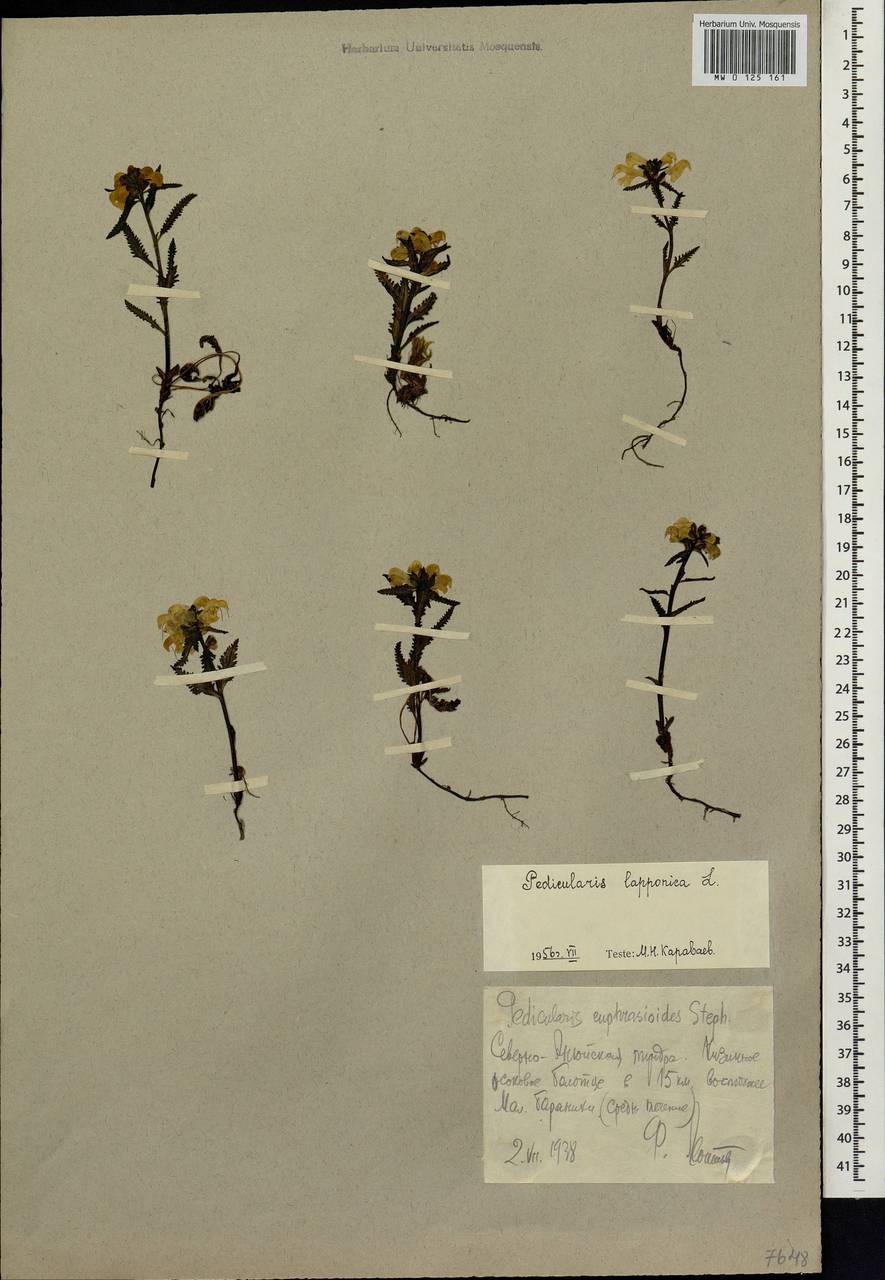 Pedicularis lapponica L., Siberia, Chukotka & Kamchatka (S7) (Russia)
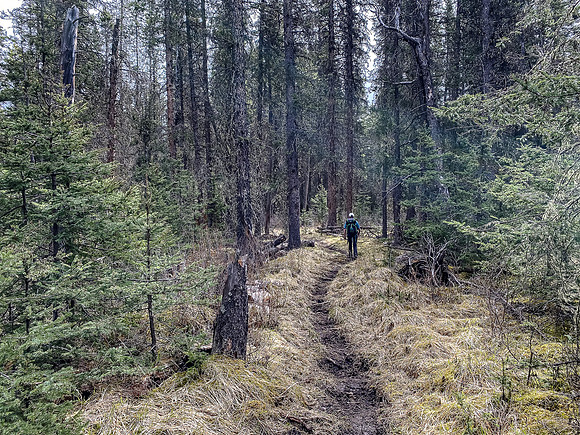 Hiking down the Clearwater River Trail.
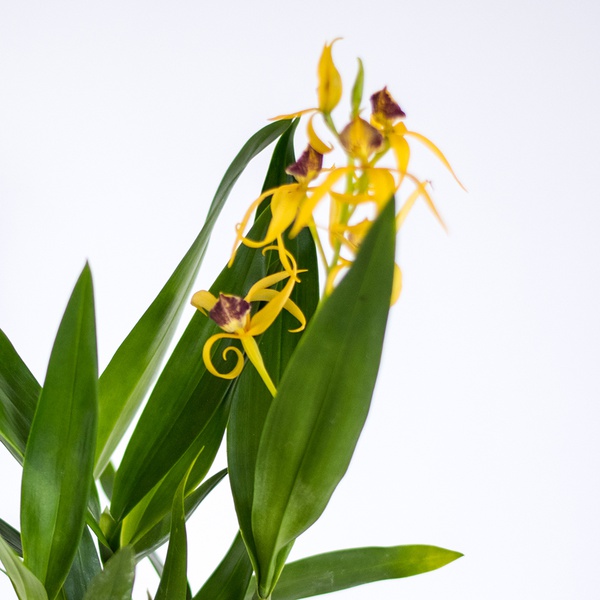 Орхідея Енциклія (Encyclia)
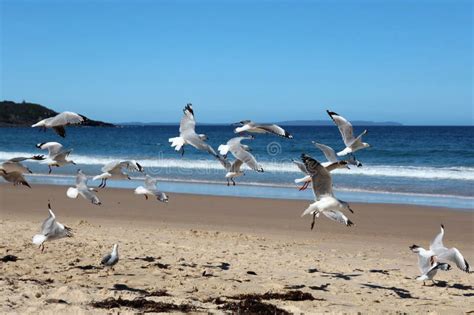 Flock Of Seagulls On Beach Stock Image - Image: 32479701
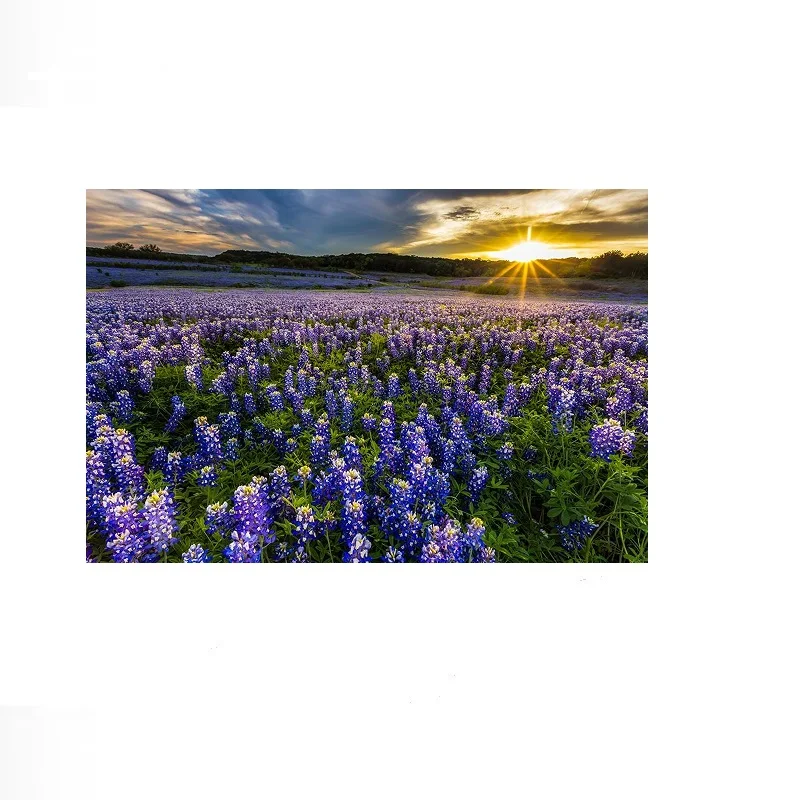Bluebonnet Texas Flowers Field At Sunset Bend Photo Landscape, Art Picture Print Canvas Poster Home Wall Decor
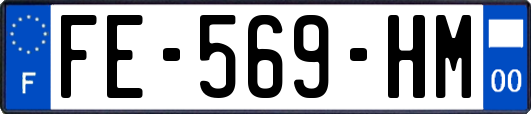 FE-569-HM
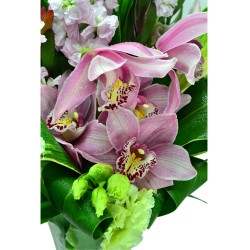 Exquisite Harmony Holland Cymbidium Vase Arrangement Exquisite Harmony Holland Cymbidium Vase Arrangement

---*---

**PROBLEM REQUIREMENTS:**
Every line from the one holding "Bluebonnet Texas Flowers" through the last line of the entries above, and nothing else, is to be restated word for word. Pictures stay out.

**WRITTEN RESPONSE:**
Bluebonnet Texas Flowers Field At Sunset Bend Photo Landscape, Art Picture Print Canvas Poster Home Wall Decor
 FE-569-HM
 Exquisite Harmony Holland Cymbidium Vase Arrangement Exquisite Harmony Holland Cymbidium Vase Arrangement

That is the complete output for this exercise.